(Stored data entries)
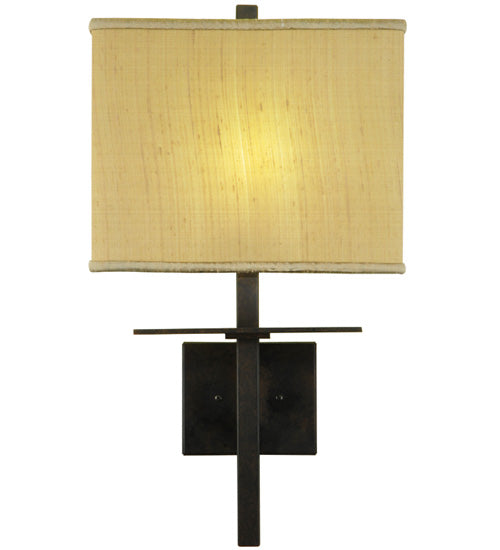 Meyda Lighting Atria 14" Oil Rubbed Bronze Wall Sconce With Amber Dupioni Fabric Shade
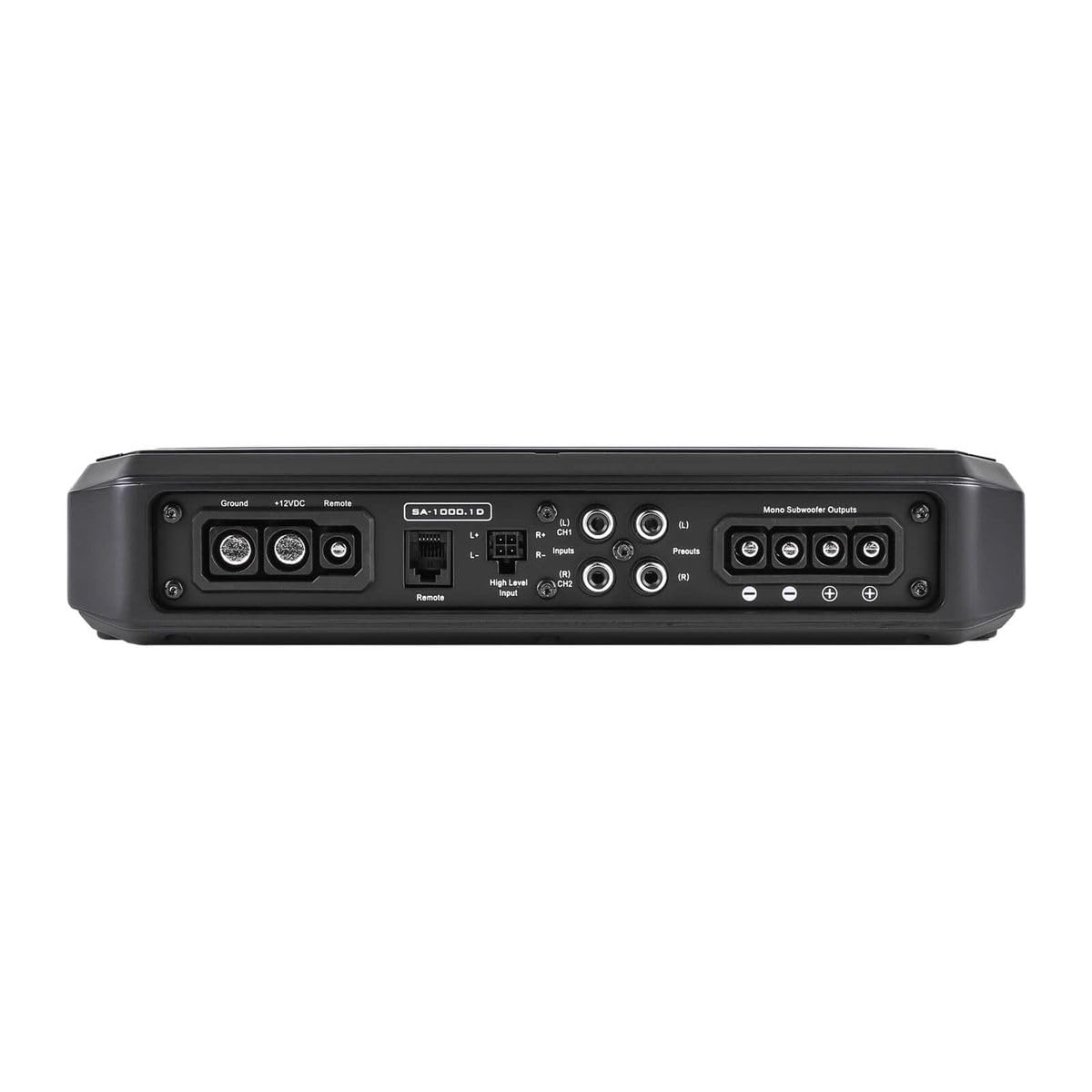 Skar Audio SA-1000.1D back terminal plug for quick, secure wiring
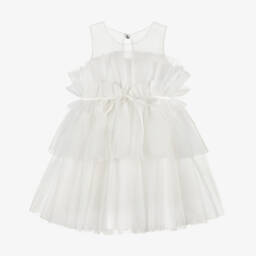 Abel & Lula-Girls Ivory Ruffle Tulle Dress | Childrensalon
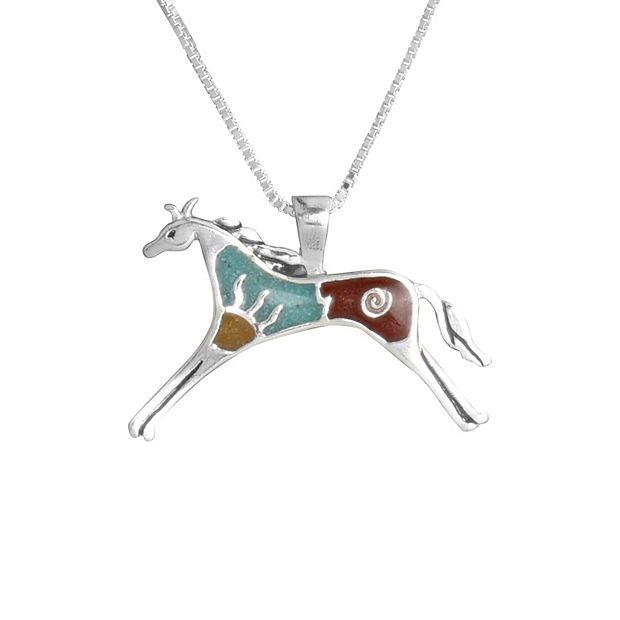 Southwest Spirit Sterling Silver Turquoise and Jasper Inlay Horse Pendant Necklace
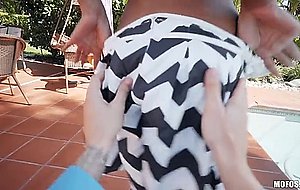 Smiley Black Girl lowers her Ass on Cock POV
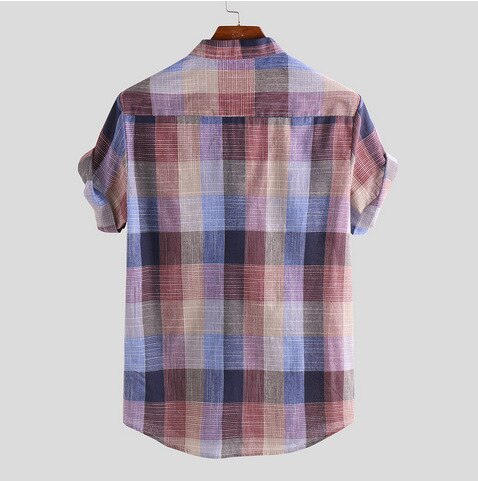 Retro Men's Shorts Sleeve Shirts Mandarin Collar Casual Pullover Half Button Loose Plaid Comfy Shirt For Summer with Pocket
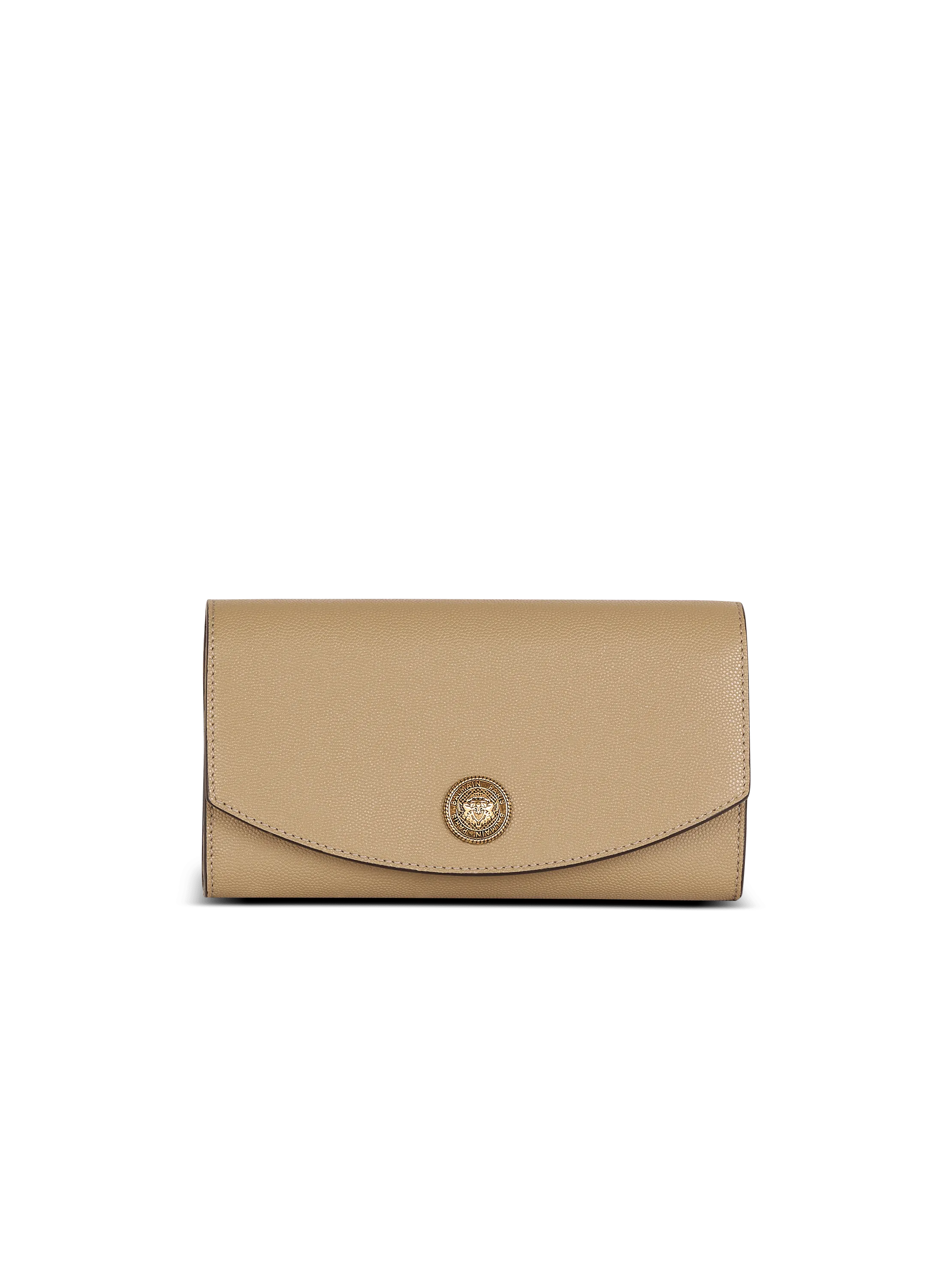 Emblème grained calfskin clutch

EXERCISE PROMPT
Because only one stretch of the records is wanted, please output the lines from the one holding "Skar Audio SA-1000.1D" through the one holding "Smiley Black Girl lowers her Ass on Cock POV" exactly, both included, and leave every picture out.

EXERCISE ANSWER
 Skar Audio SA-1000.1D back terminal plug for quick, secure wiring
 Abel & Lula-Girls Ivory Ruffle Tulle Dress | Childrensalon
 Southwest Spirit Sterling Silver Turquoise and Jasper Inlay Horse Pendant Necklace
 Smiley Black Girl lowers her Ass on Cock POV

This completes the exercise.